Education


What Employers Really Want

Public accounting firms, employers in business and industry and not-for-profit employers all look for well-rounded communicators when they go hunting for new recruits. And they want them to be able to communicate both verbally and in writing.

These were the major findings of the Accounting Education Survey, a national survey of 742 potential employers of accounting students. The employers surveyed varied by location, type and size. Ronald A. Stunda and George F. Klersey, both accounting professors at Birmingham-Southern College in Birmingham, Alabama, compiled the survey.

"Employers also want candidates who have done things, whether it's community work or work in the field they wish to enter, that make them more well-rounded individuals," Stunda said.

In addition, the survey showed that students used internships to bolster their qualifications while employers used them as a recruiting tool.

"Internships help companies target future employees at a very low or no cost," Stunda said. "We expect to see more internships in both public accounting and nonpublic accounting." Based on anecdotal information collected with the survey results, Stunda surmised that companies and firms ultimately hired a significant number of their interns.

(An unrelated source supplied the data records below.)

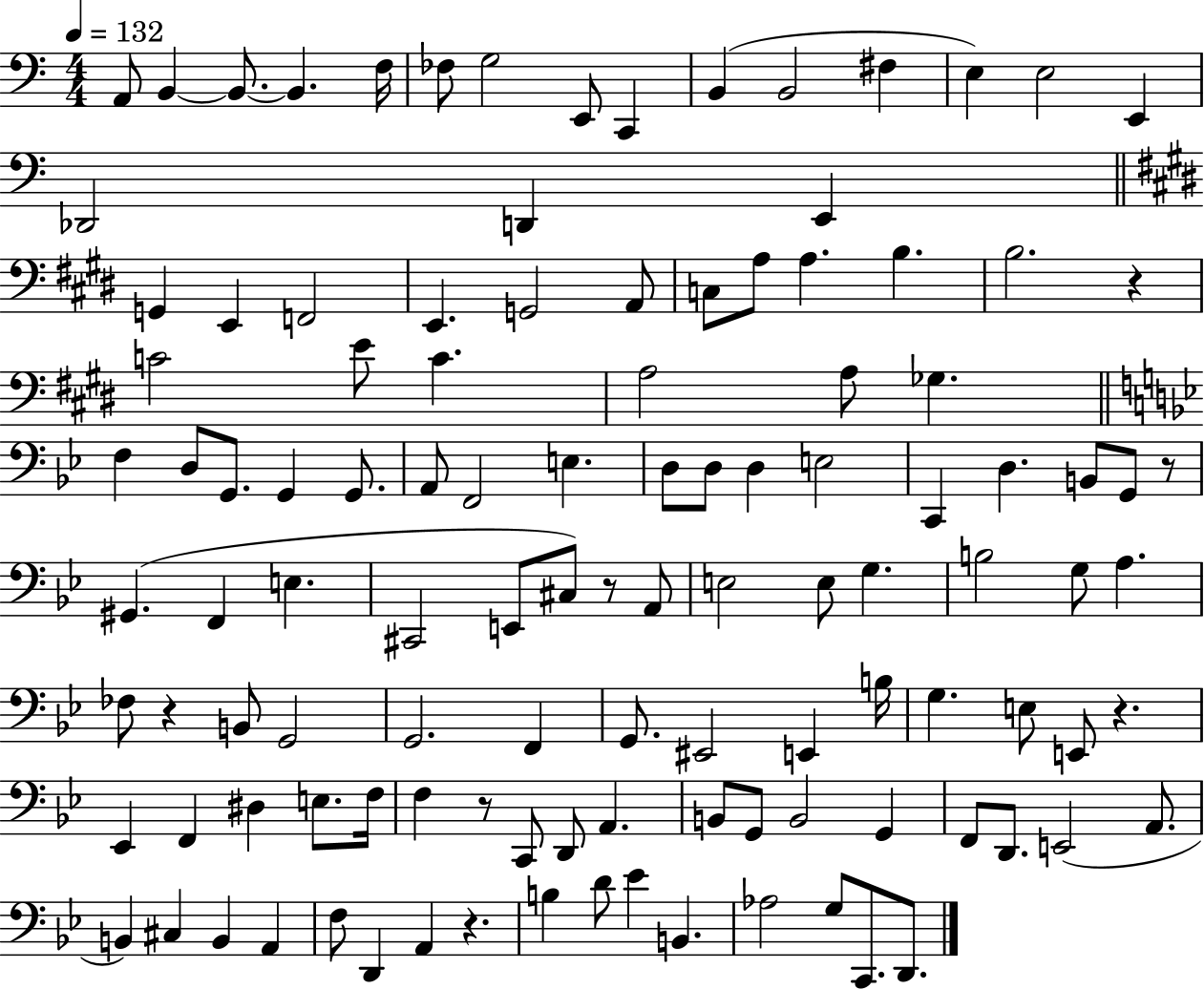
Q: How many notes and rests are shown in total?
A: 115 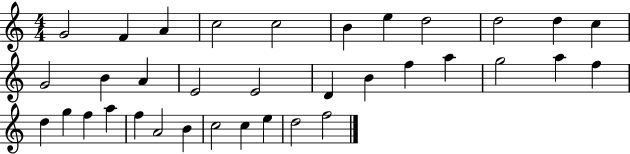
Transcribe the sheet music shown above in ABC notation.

X:1
T:Untitled
M:4/4
L:1/4
K:C
G2 F A c2 c2 B e d2 d2 d c G2 B A E2 E2 D B f a g2 a f d g f a f A2 B c2 c e d2 f2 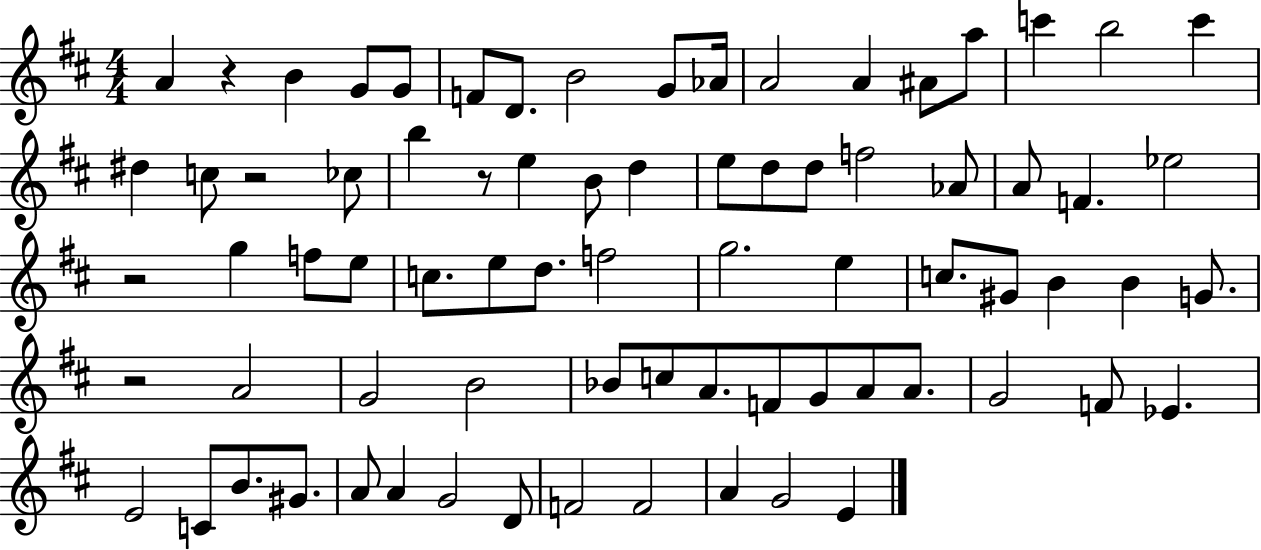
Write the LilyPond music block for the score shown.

{
  \clef treble
  \numericTimeSignature
  \time 4/4
  \key d \major
  a'4 r4 b'4 g'8 g'8 | f'8 d'8. b'2 g'8 aes'16 | a'2 a'4 ais'8 a''8 | c'''4 b''2 c'''4 | \break dis''4 c''8 r2 ces''8 | b''4 r8 e''4 b'8 d''4 | e''8 d''8 d''8 f''2 aes'8 | a'8 f'4. ees''2 | \break r2 g''4 f''8 e''8 | c''8. e''8 d''8. f''2 | g''2. e''4 | c''8. gis'8 b'4 b'4 g'8. | \break r2 a'2 | g'2 b'2 | bes'8 c''8 a'8. f'8 g'8 a'8 a'8. | g'2 f'8 ees'4. | \break e'2 c'8 b'8. gis'8. | a'8 a'4 g'2 d'8 | f'2 f'2 | a'4 g'2 e'4 | \break \bar "|."
}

Stunda and Klersey made the following recommendations, based on their findings, to potential employers:

  • Recruit from schools with reputations for producing quality accounting graduates.
  • Establish an internship program because hiring interns can reduce recruiting and training costs.
  • Expect to pay top graduates $35,000 to $40,000 if you are a firm; companies can expect to pay between $25,000 and $35,000 for quality new hires.
  • Seek the best students, but be willing to sacrifice a higher grade point average for more rigorous courses and/or outside activities.